“In God we boast all the day long, and praise thy name for ever. Selah.”
— Psalm 44:8 (King James Version)
You know the conversation. You're standing by the coffee machine, or scrolling on your phone in a waiting room, and the boasting begins — the promotion, the renovation, the kid who made varsity, the trip somewhere warm. There's nothing wrong with any of it. But you notice how quickly it curdles into comparison, how everyone leaves the exchange a little emptier than they arrived, each measuring a life against a highlight reel. We are, all of us, forever looking for something worth boasting about — something that won't crumble the moment a harder Monday comes.
The psalmist offers a startling redirection. He boasts too, "all the day long," but not in a bigger house or a better quarter. His boast is in God, and so it never runs dry, because its subject never diminishes.
St. Augustine — the fourth-century bishop of Hippo, who spent his restless youth chasing every pleasure and honor the ancient world could offer — came to a famous conclusion after all that searching: our hearts are restless until they rest in God.
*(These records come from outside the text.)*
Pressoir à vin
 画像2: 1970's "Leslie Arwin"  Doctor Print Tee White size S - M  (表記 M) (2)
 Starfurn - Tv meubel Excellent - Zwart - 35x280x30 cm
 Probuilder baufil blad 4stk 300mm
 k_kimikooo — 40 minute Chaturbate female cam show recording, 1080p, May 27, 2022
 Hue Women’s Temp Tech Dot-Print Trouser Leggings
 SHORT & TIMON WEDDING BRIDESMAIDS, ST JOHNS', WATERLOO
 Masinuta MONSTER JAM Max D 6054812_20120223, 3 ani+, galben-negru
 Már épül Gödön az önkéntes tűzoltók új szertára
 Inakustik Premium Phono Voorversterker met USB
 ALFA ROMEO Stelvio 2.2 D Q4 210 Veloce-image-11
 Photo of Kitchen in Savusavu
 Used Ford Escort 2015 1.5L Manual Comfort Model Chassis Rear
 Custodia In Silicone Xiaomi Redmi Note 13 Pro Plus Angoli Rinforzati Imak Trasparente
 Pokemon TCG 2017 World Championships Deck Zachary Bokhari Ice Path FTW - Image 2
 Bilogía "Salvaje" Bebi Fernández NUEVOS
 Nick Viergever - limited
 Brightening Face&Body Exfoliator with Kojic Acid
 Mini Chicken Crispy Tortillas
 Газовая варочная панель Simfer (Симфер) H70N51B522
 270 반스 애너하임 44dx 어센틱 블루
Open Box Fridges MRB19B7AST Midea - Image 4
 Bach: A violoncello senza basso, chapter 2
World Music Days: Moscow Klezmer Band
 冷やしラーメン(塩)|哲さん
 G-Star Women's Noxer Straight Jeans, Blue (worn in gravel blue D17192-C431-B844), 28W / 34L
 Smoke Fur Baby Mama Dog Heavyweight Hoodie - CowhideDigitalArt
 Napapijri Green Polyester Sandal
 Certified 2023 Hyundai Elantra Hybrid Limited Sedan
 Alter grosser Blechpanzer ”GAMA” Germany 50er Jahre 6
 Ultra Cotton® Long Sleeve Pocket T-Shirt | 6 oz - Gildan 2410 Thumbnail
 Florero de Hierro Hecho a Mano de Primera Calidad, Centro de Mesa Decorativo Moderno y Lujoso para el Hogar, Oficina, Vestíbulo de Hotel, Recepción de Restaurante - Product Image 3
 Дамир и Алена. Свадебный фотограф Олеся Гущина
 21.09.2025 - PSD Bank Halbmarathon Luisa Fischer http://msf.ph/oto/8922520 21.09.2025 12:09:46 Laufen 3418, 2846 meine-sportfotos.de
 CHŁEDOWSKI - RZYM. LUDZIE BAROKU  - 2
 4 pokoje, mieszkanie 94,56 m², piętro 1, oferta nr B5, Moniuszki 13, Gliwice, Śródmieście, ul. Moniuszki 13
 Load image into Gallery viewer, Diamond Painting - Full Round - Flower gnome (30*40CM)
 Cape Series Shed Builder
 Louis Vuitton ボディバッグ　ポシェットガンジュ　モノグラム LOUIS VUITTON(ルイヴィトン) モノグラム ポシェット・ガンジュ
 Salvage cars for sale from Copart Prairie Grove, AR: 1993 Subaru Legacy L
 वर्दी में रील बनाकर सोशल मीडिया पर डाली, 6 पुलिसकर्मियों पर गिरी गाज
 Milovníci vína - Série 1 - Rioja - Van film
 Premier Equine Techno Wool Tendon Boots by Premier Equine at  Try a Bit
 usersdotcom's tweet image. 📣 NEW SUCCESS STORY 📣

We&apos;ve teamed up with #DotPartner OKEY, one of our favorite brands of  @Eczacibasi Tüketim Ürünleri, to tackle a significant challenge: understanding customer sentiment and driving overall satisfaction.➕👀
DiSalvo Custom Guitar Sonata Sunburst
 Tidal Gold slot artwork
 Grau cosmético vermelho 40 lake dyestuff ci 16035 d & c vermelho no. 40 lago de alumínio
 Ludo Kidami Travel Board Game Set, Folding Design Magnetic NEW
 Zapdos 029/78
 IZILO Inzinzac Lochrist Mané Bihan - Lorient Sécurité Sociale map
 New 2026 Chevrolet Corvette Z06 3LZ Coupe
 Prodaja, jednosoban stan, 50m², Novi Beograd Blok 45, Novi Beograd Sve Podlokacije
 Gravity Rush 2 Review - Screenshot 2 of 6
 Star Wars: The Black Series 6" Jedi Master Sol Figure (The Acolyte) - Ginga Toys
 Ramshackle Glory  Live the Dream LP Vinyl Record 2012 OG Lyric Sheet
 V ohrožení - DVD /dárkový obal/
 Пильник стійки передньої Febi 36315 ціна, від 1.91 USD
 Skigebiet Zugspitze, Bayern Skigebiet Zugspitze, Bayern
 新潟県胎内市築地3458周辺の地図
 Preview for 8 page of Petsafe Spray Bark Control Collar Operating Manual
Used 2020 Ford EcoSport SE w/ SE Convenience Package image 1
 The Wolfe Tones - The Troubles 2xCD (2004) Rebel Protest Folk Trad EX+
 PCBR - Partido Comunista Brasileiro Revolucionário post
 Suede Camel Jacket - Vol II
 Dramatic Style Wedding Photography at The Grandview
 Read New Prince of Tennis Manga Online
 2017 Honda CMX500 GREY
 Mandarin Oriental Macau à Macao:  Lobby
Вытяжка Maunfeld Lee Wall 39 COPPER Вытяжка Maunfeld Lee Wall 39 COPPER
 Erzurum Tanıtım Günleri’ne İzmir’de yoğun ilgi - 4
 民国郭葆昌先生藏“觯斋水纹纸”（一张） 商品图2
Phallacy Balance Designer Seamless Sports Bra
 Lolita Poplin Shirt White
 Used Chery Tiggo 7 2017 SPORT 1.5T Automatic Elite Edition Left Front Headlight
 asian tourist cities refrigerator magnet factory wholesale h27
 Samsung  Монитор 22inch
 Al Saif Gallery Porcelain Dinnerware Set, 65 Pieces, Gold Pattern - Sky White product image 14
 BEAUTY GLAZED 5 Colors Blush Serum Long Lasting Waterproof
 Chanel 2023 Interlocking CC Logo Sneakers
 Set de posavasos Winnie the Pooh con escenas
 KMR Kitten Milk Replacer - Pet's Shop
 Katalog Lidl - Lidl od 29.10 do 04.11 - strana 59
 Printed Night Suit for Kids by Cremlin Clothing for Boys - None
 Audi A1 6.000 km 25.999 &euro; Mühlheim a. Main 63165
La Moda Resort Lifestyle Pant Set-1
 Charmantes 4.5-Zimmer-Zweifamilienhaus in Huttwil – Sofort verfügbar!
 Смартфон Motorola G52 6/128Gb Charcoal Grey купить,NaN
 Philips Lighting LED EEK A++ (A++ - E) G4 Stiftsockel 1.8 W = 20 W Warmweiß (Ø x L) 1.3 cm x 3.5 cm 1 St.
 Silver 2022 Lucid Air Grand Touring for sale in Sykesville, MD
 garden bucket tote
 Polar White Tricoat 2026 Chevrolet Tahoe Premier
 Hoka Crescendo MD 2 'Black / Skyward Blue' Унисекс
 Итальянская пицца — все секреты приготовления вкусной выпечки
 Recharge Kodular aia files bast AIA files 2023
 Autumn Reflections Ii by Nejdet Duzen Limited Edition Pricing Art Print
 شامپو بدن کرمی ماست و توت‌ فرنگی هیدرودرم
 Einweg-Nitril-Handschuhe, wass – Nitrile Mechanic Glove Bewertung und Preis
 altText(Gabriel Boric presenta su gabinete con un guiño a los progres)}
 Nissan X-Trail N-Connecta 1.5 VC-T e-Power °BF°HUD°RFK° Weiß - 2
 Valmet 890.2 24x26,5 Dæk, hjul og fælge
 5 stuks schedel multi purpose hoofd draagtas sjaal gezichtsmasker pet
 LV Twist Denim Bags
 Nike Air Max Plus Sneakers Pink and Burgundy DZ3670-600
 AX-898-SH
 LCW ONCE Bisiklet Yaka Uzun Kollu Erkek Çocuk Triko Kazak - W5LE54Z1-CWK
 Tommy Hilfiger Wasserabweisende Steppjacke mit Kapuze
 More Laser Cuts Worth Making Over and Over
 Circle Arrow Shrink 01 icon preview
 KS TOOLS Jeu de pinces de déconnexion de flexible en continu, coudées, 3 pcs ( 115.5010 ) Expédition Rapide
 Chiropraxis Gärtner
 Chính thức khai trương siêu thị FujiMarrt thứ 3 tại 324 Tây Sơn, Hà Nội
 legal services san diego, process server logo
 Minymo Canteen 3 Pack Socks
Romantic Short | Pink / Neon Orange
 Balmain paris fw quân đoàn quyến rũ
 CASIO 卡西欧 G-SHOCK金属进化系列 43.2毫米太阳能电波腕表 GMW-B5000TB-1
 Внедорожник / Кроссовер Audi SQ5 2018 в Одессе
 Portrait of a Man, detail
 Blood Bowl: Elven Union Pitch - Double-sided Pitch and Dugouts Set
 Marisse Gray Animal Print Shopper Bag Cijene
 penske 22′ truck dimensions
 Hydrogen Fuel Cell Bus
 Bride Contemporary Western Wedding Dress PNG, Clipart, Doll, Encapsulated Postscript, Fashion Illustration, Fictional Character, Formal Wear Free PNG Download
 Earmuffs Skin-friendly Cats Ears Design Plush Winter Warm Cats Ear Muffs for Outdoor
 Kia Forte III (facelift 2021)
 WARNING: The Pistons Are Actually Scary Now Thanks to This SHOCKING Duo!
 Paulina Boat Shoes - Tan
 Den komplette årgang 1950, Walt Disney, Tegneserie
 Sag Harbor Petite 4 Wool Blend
He had learned by hard experience that boasting in our own achievements is like building on sand; the tide of one bad day washes it flat. But praise directed upward has an anchor.
Centuries later, the English preacher Charles Spurgeon, who filled a London hall week after week in the 1800s, noticed something wonderfully practical about praise: it lifts the one who offers it. When we spend our attention giving thanks, we simply have less room for anxiety and envy. Gratitude, he understood, is not a denial of our troubles but a defiance of them.
So here is your encouragement for today. You do not have to manufacture a more impressive life to have something worth celebrating. The good already surrounding you — the breath in your chest, the people who love you, the quiet mercies you overlook — is boast enough, and it points beyond itself.
Try it as an experiment. The next time the comparison game starts up beside the coffee machine, quietly turn your heart to praise instead. Name three good things and give thanks for them. You may find, as Augustine did, that the restless part of you finally settles — and that a grateful heart is the one boast that never leaves you poorer.
A Prayer for Today
Loving God, teach me to boast in You and not in myself, and to praise Your name through the whole length of this ordinary day. When comparison whispers that I am not enough, turn my heart to gratitude for the good already in my hands. Let praise be my quiet strength today. Amen.